A finite control set model predictive direct speed controller for PMSM application with improved parameter robustness

Abstract

Model predictive control (MPC) is an advanced control method that relies on a mathematical model containing the motor parameters in the field of Permanent Magnet Synchronous Motor (PMSM) application. However, the internal parameters of the motor and external load characteristic parameters are uncertain, and their actual values ​​may be inconsistent with the nominal values, resulting in prediction errors, which in turn affect the performance of the control algorithm. Based on the analysis of the parameter sensitivity of the motor prediction model, traditional finite control set model predictive direct speed controller (FCS-MPDSC) predicts state parameters based on a mathematical model, and there is a problem that the parameters of the motor model are uncertain, which will lead to prediction errors. In order to improve the robustness of FCS-MPDSC parameters, this paper proposes an improved FCS-MPDSC for PMSM application, which abandons the traditional PMSM control cascade structure and has the advantages of fast speed response performance, small speed error and strong parameter robustness. In order to solve the problem of load characteristic parameter uncertainty, Luenberger observer and the Model Reference Adaptive System (MRAS) algorithm are used to estimate the variation of load characteristic parameters in this paper.

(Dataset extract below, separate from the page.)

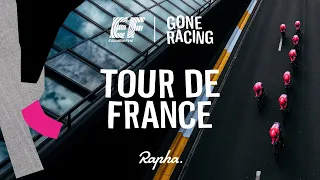 Tour de France 2019: Leading with Rigoberto Uran – EF Gone Racing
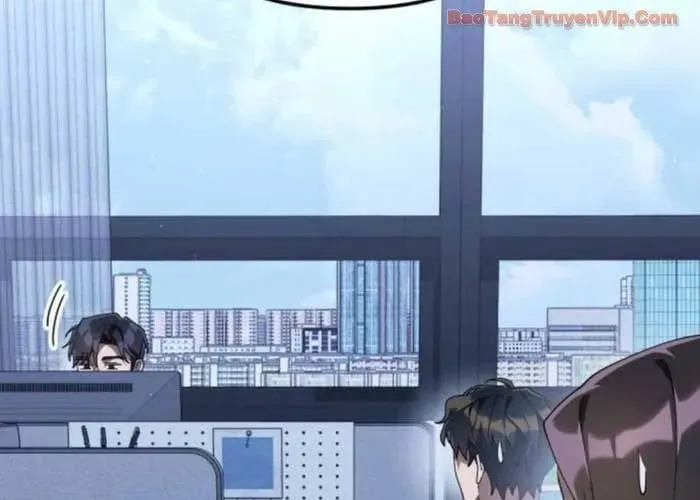 Hôm Nay Cũng Tan Làm Đúng Giờ Chap 14 - Next Chap 15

Moreover, a proportional-integral (PI) control term of speed error is introduced into the cost function to achieve the zero steady state error of speed and torque, which make full use of the robustness of integral action and also a faster dynamic response of direct speed control is maintained. In this paper, the HIL experimental platform is built according to the simulation. The proposed method reduces the steady-state error of the traditional method under the parameter mismatch. When the inductance parameter and the permanent magnet flux parameters deviate two times larger than nominal values, the steady-state error of the motor speed are 0.1125% and 0.8725%, respectively, demonstrating the effectiveness of the proposed method.